> [Task to carry out]: Give back the entries below verbatim.

_____

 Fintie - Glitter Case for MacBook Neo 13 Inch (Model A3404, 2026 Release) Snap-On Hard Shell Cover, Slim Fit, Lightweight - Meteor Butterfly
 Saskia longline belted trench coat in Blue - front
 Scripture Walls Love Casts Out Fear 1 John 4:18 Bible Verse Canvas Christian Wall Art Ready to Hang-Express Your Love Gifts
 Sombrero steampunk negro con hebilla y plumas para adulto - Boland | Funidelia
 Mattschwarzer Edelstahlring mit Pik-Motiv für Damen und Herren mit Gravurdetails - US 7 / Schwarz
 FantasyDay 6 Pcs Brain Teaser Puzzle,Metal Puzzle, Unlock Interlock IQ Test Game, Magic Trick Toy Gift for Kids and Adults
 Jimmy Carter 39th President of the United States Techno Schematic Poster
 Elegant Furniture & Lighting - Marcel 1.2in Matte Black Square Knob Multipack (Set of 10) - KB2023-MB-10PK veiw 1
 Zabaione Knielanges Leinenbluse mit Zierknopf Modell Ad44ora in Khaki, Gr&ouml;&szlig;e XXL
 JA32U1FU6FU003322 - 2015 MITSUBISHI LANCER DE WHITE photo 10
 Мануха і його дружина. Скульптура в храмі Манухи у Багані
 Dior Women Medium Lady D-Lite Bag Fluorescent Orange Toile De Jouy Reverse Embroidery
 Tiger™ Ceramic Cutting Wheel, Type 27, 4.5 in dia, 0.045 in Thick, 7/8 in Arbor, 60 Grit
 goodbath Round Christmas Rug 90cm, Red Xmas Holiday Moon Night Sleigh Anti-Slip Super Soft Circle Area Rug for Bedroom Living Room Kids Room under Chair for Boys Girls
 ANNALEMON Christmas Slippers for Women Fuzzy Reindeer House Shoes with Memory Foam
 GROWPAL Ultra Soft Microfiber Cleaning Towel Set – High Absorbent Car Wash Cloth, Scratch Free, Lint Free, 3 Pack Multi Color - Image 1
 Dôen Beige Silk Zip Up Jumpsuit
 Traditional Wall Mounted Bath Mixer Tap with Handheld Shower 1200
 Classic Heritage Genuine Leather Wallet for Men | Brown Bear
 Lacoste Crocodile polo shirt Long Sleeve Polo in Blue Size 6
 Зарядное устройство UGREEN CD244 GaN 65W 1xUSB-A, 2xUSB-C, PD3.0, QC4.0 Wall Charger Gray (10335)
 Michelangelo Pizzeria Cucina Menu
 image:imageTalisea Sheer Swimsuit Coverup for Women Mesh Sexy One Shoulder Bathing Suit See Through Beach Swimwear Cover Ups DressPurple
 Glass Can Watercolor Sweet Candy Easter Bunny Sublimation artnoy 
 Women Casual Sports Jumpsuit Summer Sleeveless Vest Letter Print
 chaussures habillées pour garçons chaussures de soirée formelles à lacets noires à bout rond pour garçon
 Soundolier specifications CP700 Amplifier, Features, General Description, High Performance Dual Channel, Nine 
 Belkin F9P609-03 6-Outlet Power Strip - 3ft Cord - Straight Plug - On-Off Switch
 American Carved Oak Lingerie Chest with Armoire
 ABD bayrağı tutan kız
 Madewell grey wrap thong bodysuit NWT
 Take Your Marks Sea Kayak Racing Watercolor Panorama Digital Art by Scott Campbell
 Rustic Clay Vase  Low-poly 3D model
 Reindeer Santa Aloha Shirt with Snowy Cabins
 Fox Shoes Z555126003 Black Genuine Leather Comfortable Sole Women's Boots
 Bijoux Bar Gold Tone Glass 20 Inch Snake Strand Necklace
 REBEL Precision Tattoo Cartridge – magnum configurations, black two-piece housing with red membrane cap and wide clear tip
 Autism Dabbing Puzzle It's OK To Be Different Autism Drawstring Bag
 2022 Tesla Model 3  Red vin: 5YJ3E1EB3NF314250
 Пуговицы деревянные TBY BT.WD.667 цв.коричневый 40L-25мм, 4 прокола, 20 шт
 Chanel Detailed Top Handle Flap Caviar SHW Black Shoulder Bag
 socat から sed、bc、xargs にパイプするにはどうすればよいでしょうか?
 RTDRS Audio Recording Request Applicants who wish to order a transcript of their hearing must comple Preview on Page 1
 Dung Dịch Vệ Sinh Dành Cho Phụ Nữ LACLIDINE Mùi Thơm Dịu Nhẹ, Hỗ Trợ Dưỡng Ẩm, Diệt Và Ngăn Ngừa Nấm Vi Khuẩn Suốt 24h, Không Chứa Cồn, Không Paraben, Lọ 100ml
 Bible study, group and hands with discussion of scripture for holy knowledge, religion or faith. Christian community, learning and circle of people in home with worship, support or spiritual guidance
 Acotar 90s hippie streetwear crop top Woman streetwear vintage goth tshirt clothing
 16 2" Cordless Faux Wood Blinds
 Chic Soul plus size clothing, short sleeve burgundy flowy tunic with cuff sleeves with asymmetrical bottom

_____

> [Exercise solution]:
 Fintie - Glitter Case for MacBook Neo 13 Inch (Model A3404, 2026 Release) Snap-On Hard Shell Cover, Slim Fit, Lightweight - Meteor Butterfly
 Saskia longline belted trench coat in Blue - front
 Scripture Walls Love Casts Out Fear 1 John 4:18 Bible Verse Canvas Christian Wall Art Ready to Hang-Express Your Love Gifts
 Sombrero steampunk negro con hebilla y plumas para adulto - Boland | Funidelia
 Mattschwarzer Edelstahlring mit Pik-Motiv für Damen und Herren mit Gravurdetails - US 7 / Schwarz
 FantasyDay 6 Pcs Brain Teaser Puzzle,Metal Puzzle, Unlock Interlock IQ Test Game, Magic Trick Toy Gift for Kids and Adults
 Jimmy Carter 39th President of the United States Techno Schematic Poster
 Elegant Furniture & Lighting - Marcel 1.2in Matte Black Square Knob Multipack (Set of 10) - KB2023-MB-10PK veiw 1
 Zabaione Knielanges Leinenbluse mit Zierknopf Modell Ad44ora in Khaki, Gr&ouml;&szlig;e XXL
 JA32U1FU6FU003322 - 2015 MITSUBISHI LANCER DE WHITE photo 10
 Мануха і його дружина. Скульптура в храмі Манухи у Багані
 Dior Women Medium Lady D-Lite Bag Fluorescent Orange Toile De Jouy Reverse Embroidery
 Tiger™ Ceramic Cutting Wheel, Type 27, 4.5 in dia, 0.045 in Thick, 7/8 in Arbor, 60 Grit
 goodbath Round Christmas Rug 90cm, Red Xmas Holiday Moon Night Sleigh Anti-Slip Super Soft Circle Area Rug for Bedroom Living Room Kids Room under Chair for Boys Girls
 ANNALEMON Christmas Slippers for Women Fuzzy Reindeer House Shoes with Memory Foam
 GROWPAL Ultra Soft Microfiber Cleaning Towel Set – High Absorbent Car Wash Cloth, Scratch Free, Lint Free, 3 Pack Multi Color - Image 1
 Dôen Beige Silk Zip Up Jumpsuit
 Traditional Wall Mounted Bath Mixer Tap with Handheld Shower 1200
 Classic Heritage Genuine Leather Wallet for Men | Brown Bear
 Lacoste Crocodile polo shirt Long Sleeve Polo in Blue Size 6
 Зарядное устройство UGREEN CD244 GaN 65W 1xUSB-A, 2xUSB-C, PD3.0, QC4.0 Wall Charger Gray (10335)
 Michelangelo Pizzeria Cucina Menu
 image:imageTalisea Sheer Swimsuit Coverup for Women Mesh Sexy One Shoulder Bathing Suit See Through Beach Swimwear Cover Ups DressPurple
 Glass Can Watercolor Sweet Candy Easter Bunny Sublimation artnoy 
 Women Casual Sports Jumpsuit Summer Sleeveless Vest Letter Print
 chaussures habillées pour garçons chaussures de soirée formelles à lacets noires à bout rond pour garçon
 Soundolier specifications CP700 Amplifier, Features, General Description, High Performance Dual Channel, Nine 
 Belkin F9P609-03 6-Outlet Power Strip - 3ft Cord - Straight Plug - On-Off Switch
 American Carved Oak Lingerie Chest with Armoire
 ABD bayrağı tutan kız
 Madewell grey wrap thong bodysuit NWT
 Take Your Marks Sea Kayak Racing Watercolor Panorama Digital Art by Scott Campbell
 Rustic Clay Vase  Low-poly 3D model
 Reindeer Santa Aloha Shirt with Snowy Cabins
 Fox Shoes Z555126003 Black Genuine Leather Comfortable Sole Women's Boots
 Bijoux Bar Gold Tone Glass 20 Inch Snake Strand Necklace
 REBEL Precision Tattoo Cartridge – magnum configurations, black two-piece housing with red membrane cap and wide clear tip
 Autism Dabbing Puzzle It's OK To Be Different Autism Drawstring Bag
 2022 Tesla Model 3  Red vin: 5YJ3E1EB3NF314250
 Пуговицы деревянные TBY BT.WD.667 цв.коричневый 40L-25мм, 4 прокола, 20 шт
 Chanel Detailed Top Handle Flap Caviar SHW Black Shoulder Bag
 socat から sed、bc、xargs にパイプするにはどうすればよいでしょうか?
 RTDRS Audio Recording Request Applicants who wish to order a transcript of their hearing must comple Preview on Page 1
 Dung Dịch Vệ Sinh Dành Cho Phụ Nữ LACLIDINE Mùi Thơm Dịu Nhẹ, Hỗ Trợ Dưỡng Ẩm, Diệt Và Ngăn Ngừa Nấm Vi Khuẩn Suốt 24h, Không Chứa Cồn, Không Paraben, Lọ 100ml
 Bible study, group and hands with discussion of scripture for holy knowledge, religion or faith. Christian community, learning and circle of people in home with worship, support or spiritual guidance
 Acotar 90s hippie streetwear crop top Woman streetwear vintage goth tshirt clothing
 16 2" Cordless Faux Wood Blinds
 Chic Soul plus size clothing, short sleeve burgundy flowy tunic with cuff sleeves with asymmetrical bottom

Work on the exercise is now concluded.